*Data to examine*:
- Opening Delimiter -

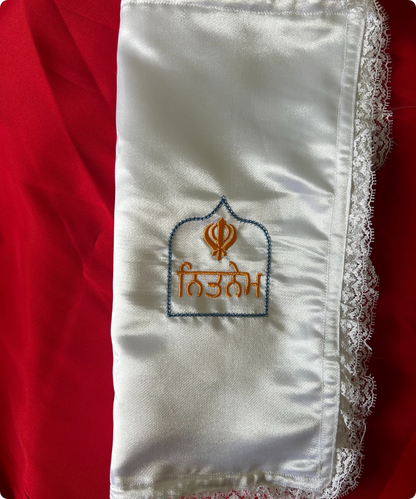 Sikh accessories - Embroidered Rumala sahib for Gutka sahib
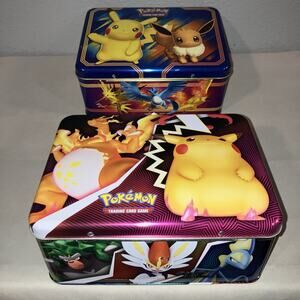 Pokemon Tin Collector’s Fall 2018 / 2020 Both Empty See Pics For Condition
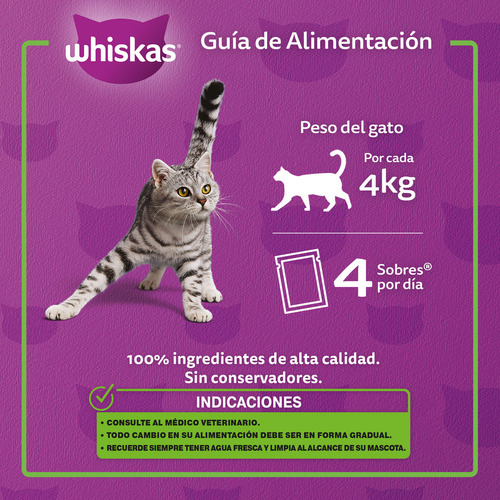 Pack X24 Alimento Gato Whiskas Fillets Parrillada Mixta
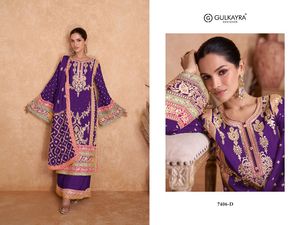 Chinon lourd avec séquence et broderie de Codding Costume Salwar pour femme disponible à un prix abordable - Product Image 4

- Closing Delimiter -
- Opening Delimiter -

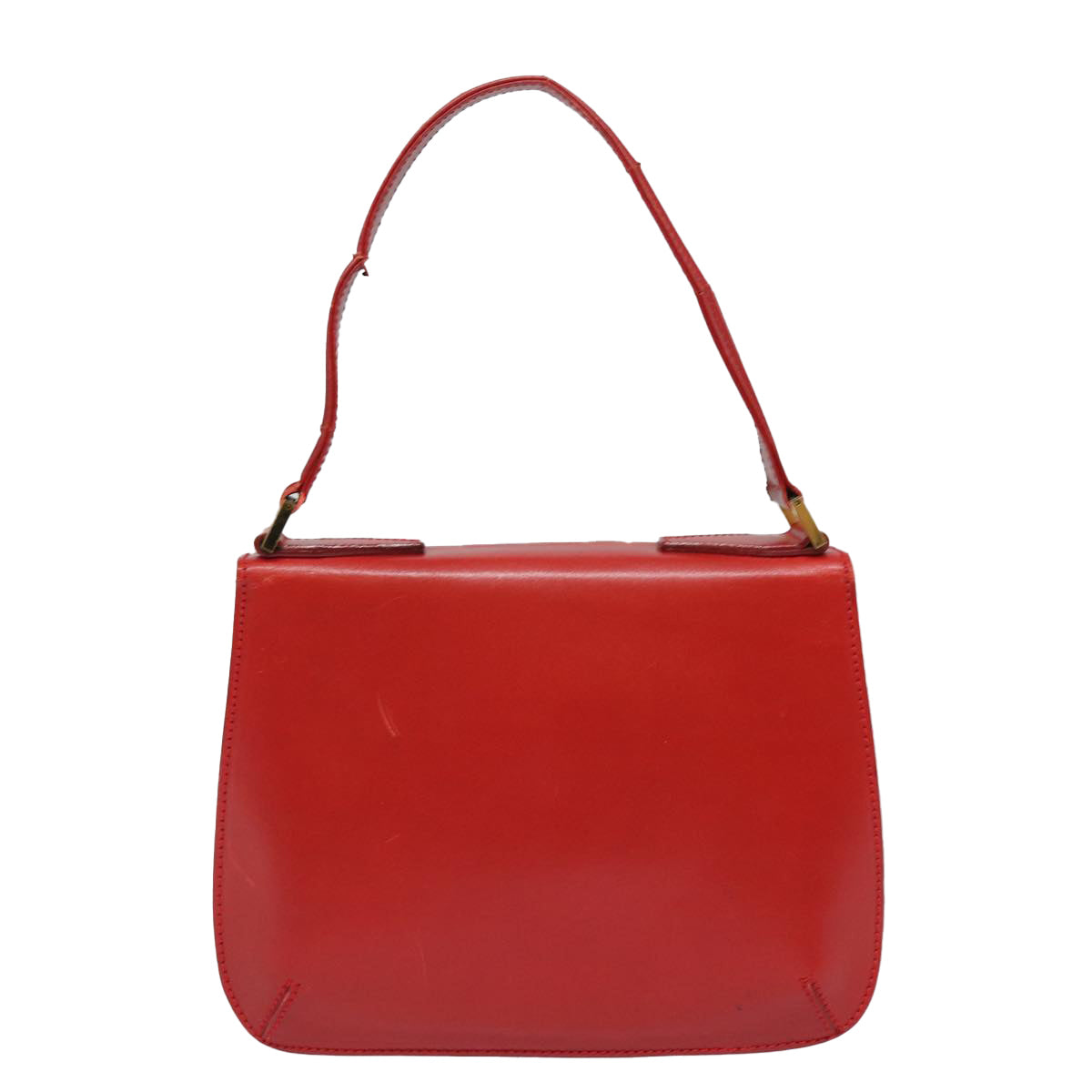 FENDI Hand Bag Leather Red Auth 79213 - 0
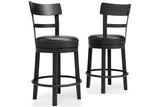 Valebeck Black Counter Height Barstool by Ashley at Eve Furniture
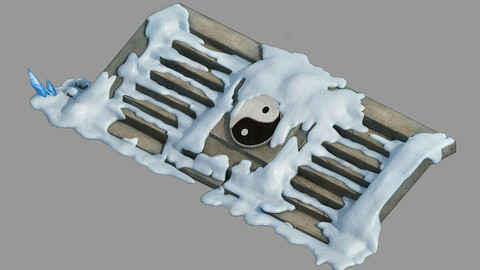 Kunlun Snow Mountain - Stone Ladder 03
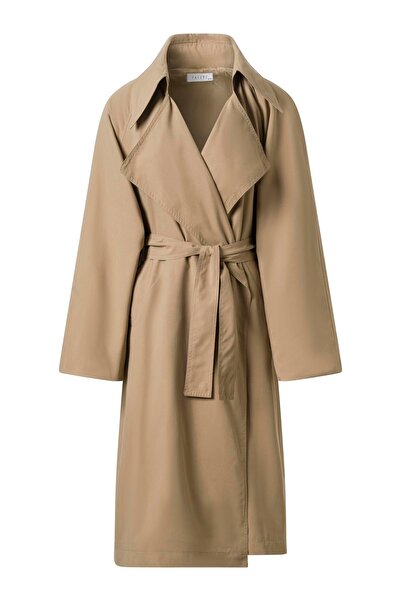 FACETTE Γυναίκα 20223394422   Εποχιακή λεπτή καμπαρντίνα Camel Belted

- Closing Delimiter -

*Work task*:
Although pictures appear among the records above, none are to be output; print exactly the lines from the line containing "Pokemon Tin Collector’s" through the line containing "Chinon lourd avec".

*Solved problem*:
 Pokemon Tin Collector’s Fall 2018 / 2020 Both Empty See Pics For Condition
 Pack X24 Alimento Gato Whiskas Fillets Parrillada Mixta
 Chinon lourd avec séquence et broderie de Codding Costume Salwar pour femme disponible à un prix abordable - Product Image 4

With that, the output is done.